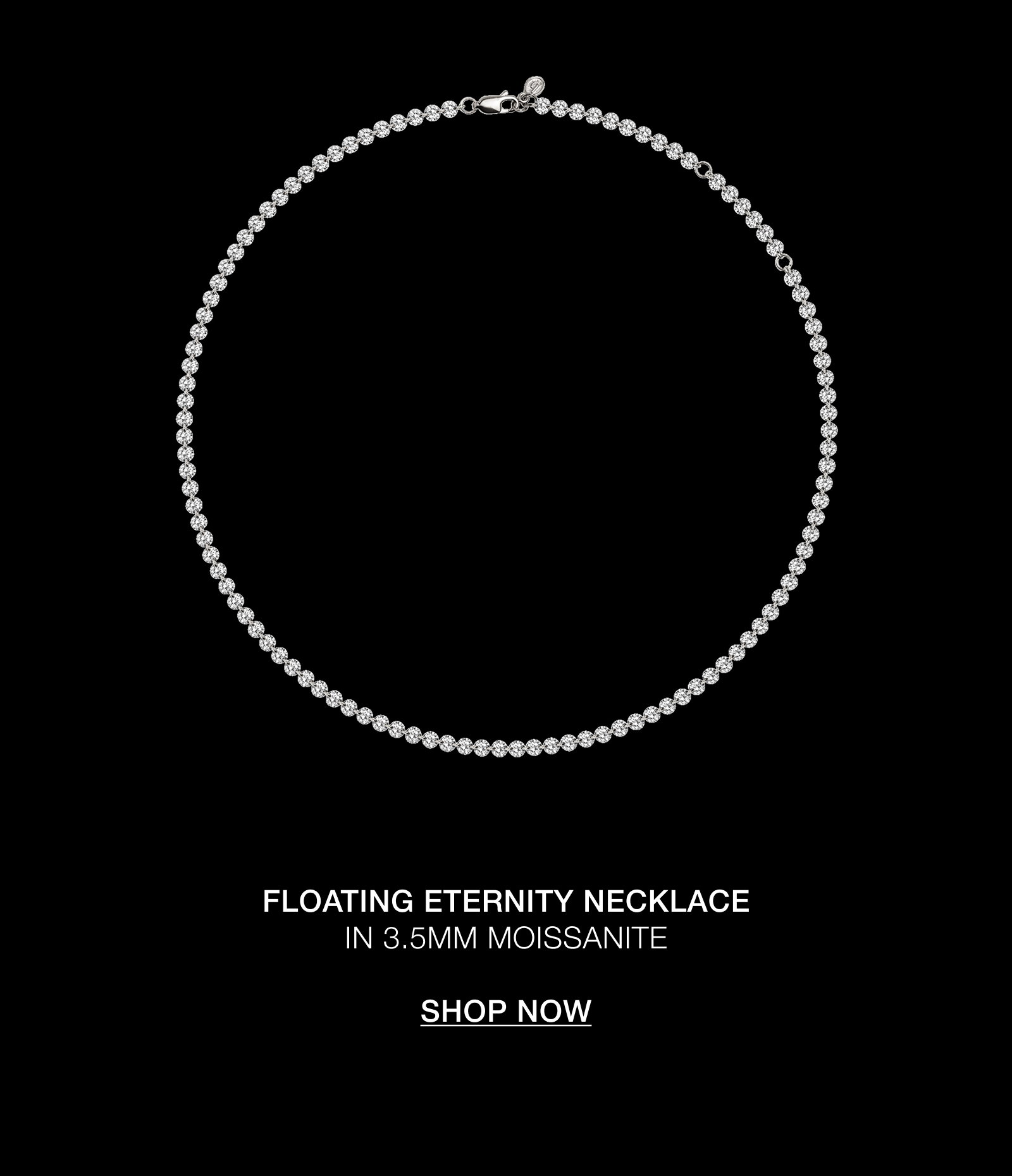 Shop the Floating Eternity Necklace in 3.5MM Moissanite.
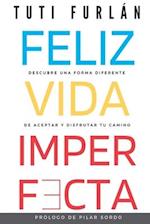 Feliz Vida Imperfecta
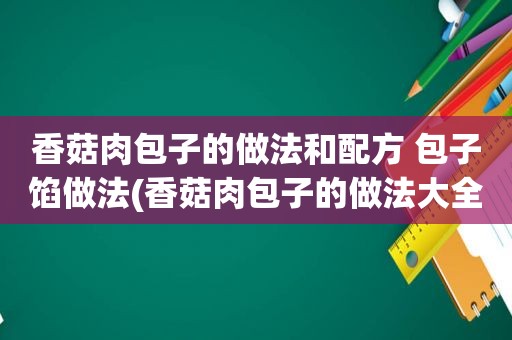 香菇肉包子的做法和配方 包子馅做法(香菇肉包子的做法大全)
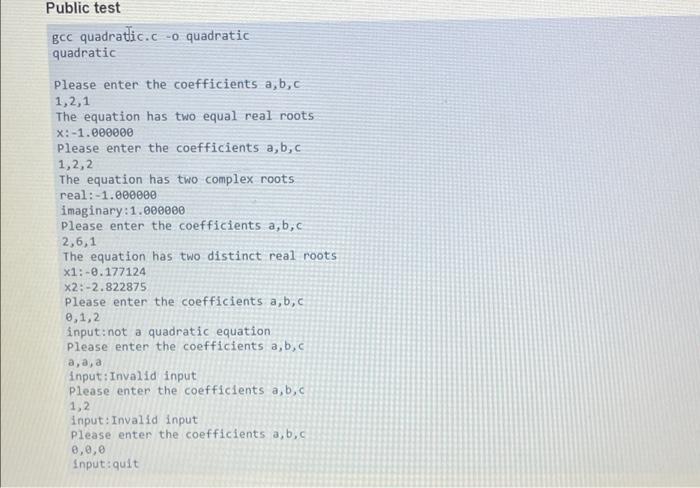 quadratic.c, to solve the quadratic equation ax2 + bx + C =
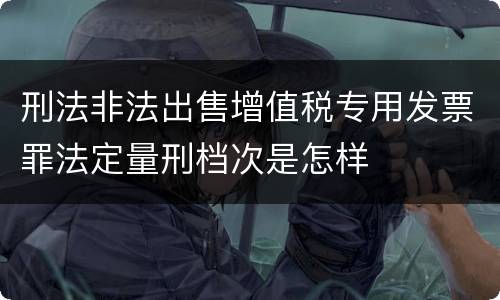 刑法非法出售增值税专用发票罪法定量刑档次是怎样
^^^^^^^^
**AIM OF THE TASK:**
Take the lines from the one holding "Feliz Vida Imperfecta" through the last line of the data above and copy them exactly, both ends included, omitting all pictures.

**EXERCISE RESULT:**
 Feliz Vida Imperfecta
 香菇肉包子的做法和配方 包子馅做法(香菇肉包子的做法大全)
 quadratic.c, to solve the quadratic equation ax2 + bx + C =
 刑法非法出售增值税专用发票罪法定量刑档次是怎样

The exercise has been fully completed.